A Conversation with Sruthi and Julia
Sruthi Palaniappan '20 and Julia M. Huesa '20 are the president and vice president of the Undergraduate Council.

In their last meeting of the semester, the Undergraduate Council voted on two proposals which, taken together, overturn over 40 years of precedent to prohibit the president and vice president from voting on or sponsoring legislation. These proposals — which their sponsors saw fit to call the “Great Reform” — were introduced after a representative questioned the wording of a portion of the UC’s Constitution, sparking debate on whether “executive officers” were eligible to vote. The controversy centered on the fact that, as defined by its constitution, the president and vice president are technically not “members” of the Council.

The fact that debate over this constitutional technicality occupied the UC’s attention for a week is uncommonly silly, not to mention disappointing. Rather than focusing upon purely parliamentary matters, the UC would do better to actively turn its attention towards more salient issues on which it may better serve the student body its members have been elected to represent.
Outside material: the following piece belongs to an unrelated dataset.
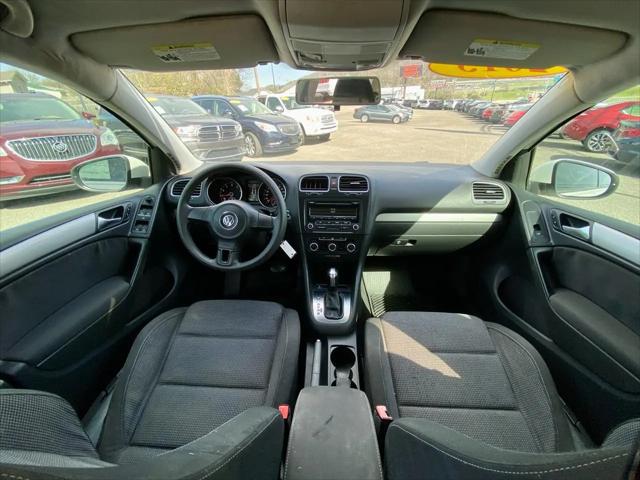 2013 Volkswagen Golf 2.5L 4-Door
The gravity of choosing whether to overturn four decades of precedent is not lost upon us. To this end, the portions of the UC’s meeting time spent discussing and deliberating upon the practical impacts of removing their executive officers’ voting and sponsorship privileges appear reasonable, as this decision significantly impacts the way the Council operates from this point forward. Such relevant discussion points include concerns raised by representatives who cautioned against disenfranchising the only two members of the UC whose platform is held accountable to the entire student body. Given that the president and vice president of the UC have lost the power to propose legislation, we fear the student body’s ability to hold them and future UC executive officers accountable for their campaign promises — as we believe they must — have been thrown into question.
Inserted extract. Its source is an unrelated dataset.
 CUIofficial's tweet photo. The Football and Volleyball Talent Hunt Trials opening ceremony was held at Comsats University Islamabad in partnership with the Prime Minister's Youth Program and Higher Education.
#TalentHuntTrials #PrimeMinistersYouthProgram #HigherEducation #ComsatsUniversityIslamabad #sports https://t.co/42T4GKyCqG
Irrespective of the practical impacts these proposals may have on the functioning of the UC, the fact remains that the only proposal passed by the UC during its deliberations on this topic did not grapple directly with the issue at hand at all — rather, it solely established which UC members may interpret the organization’s constitution. The purely bureaucratic nature of this proposal — which its sponsors, in a baffling and self-aggrandizing display, dubbed the “Great Compromise” — and the base fact that this entire issue was precipitated on the basis of a minute, constitutional detail strikes us as downright whimsical, not to mention indicative of the body’s ineffectuality. As this Board has previously opined, the UC would do better to spend its time and energies working actively to assist and represent the College’s student body, rather than debating parliamentary issues we doubt are ever at the forefront of students’ minds.


It is obviously preferable that the Council function under clearly defined parliamentary procedures, but dedicating extensive bandwidth to such issues ignores the litany of more relevant matters that UC members, as elected representatives, would do well to emphasize instead. The nature of the UC’s “Great Reform” exemplifies the dysfunctionalities present within the UC, which have motivated this board in the past to call for dramatic reorganization of the body, including restricting its purview to funding student organizations. These recommendations, which we reaffirm today, are drastic but reflect the reality of the UC as it functions today. Barring such radical reform, members of the UC must carefully consider their priorities. If they truly wish to represent the student body, their legislative priorities should reflect the priorities of those who elected them.

This staff editorial solely represents the majority view of The Crimson Editorial Board. It is the product of discussions at regular Editorial Board meetings. In order to ensure the impartiality of our journalism, Crimson editors who choose to opine and vote at these meetings are not involved in the reporting of articles on similar topics.